After finding a suitable storefront in Plano at the intersection of Midway Road and Park Boulevard, Abbas relocated Villa Mediterranean Grill in January 2018.

“We are accommodating a lot of large parties most of the time,” Abbas said. “That was one of the reasons why we wanted to have a bigger place—to accommodate those parties.”

Abbas said the types of events he normally hosts include birthdays, engagements, anniversaries and graduation parties.

The expansive, open dining area includes lounge seating and a small stage for live performances. The restaurant also houses a bar with seating.

On Fridays, Saturdays and every other Sunday, Villa Mediterranean Grill hosts live music events, Abbas said.

The inspiration for Abbas’ menu comes from several cuisines along the Mediterranean Sea.

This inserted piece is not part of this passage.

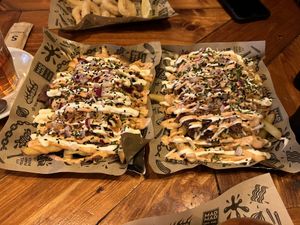 Supreme Yaya Fries 2x  at Mad Mad Vegan - Lavapiés in Madrid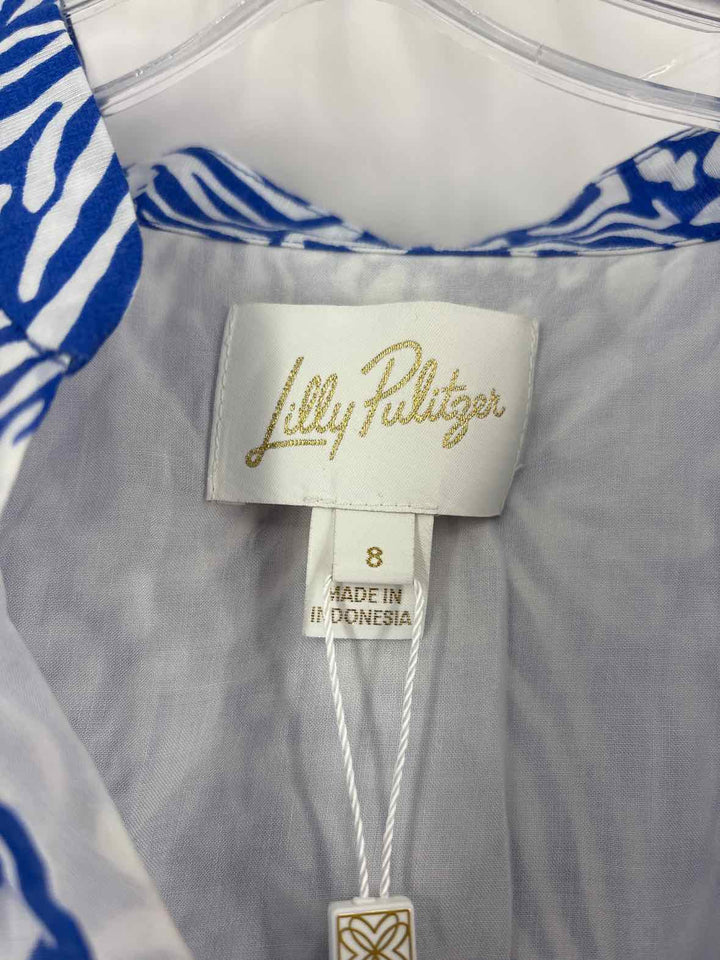 Size 8 Lilly Pulitzer Blue Dress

“We have some Persian cuisine, also Italian, some Lebanese, Greek—kind of mixed,” he said.

The Mediterranean diet has been hailed by nutritionists as one of the most heart-healthy diets.

“We use the least amount of oil as possible, and we do a lot of olive oil, which is healthy for you,” Abbas said.

Villa Mediterranean Grill offers pastas, salads and traditional Mediterranean appetizers, including hummus, dolma, baba ghanoush and tabbouleh.

The restaurant also offers a lunch menu, which includes sandwiches such as the traditional gyro, a falafel sandwich and a chicken Philly sandwich.

Among Villa Mediterranean Grill’s dinner specialties are the kebabs, which come with a side of rice.

Some of the meats Abbas uses in his kebabs include beef, lamb, chicken and seafood.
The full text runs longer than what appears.